ASSIGNED TASK – Your task is to write out the entire listing exactly, omitting its pictures.

AVAILABLE DATA –
== Segment start ==

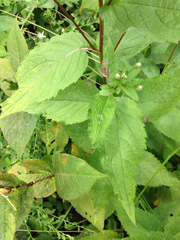 Eurybia furcata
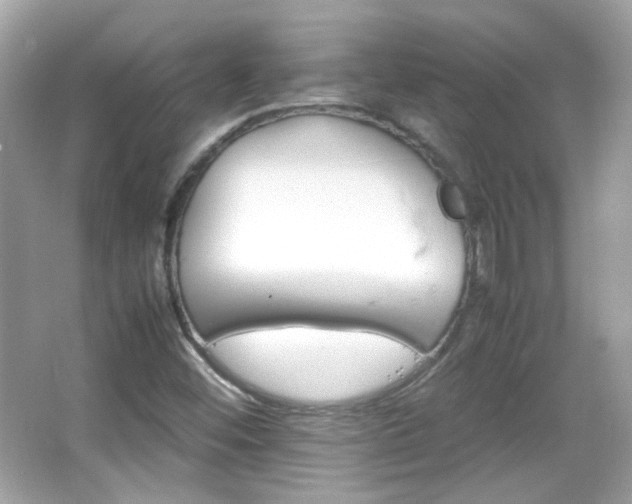 X0000066081452200603101128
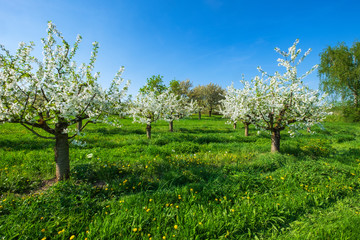 Obstgarten mit blühenden jungen Kirschbäumen im Rheingau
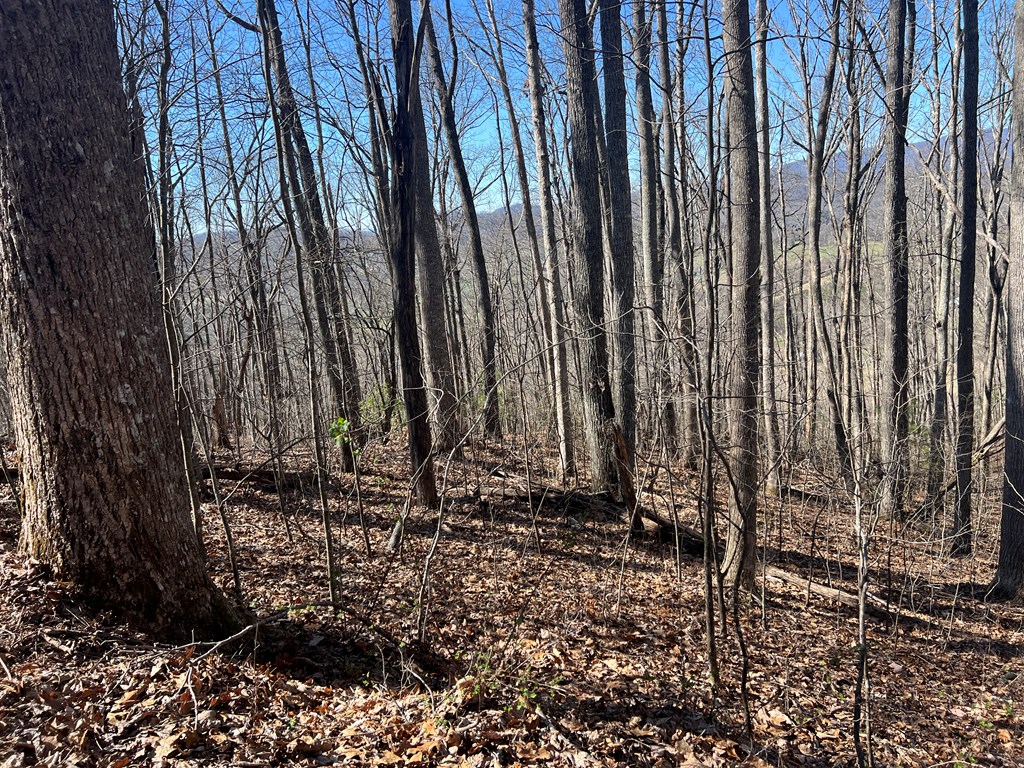 Lots 7&8 Wikle Road Property Photo 15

== Segment end ==

SOLVED PROBLEM –
 Eurybia furcata
 X0000066081452200603101128
 Obstgarten mit blühenden jungen Kirschbäumen im Rheingau
 Lots 7&8 Wikle Road Property Photo 15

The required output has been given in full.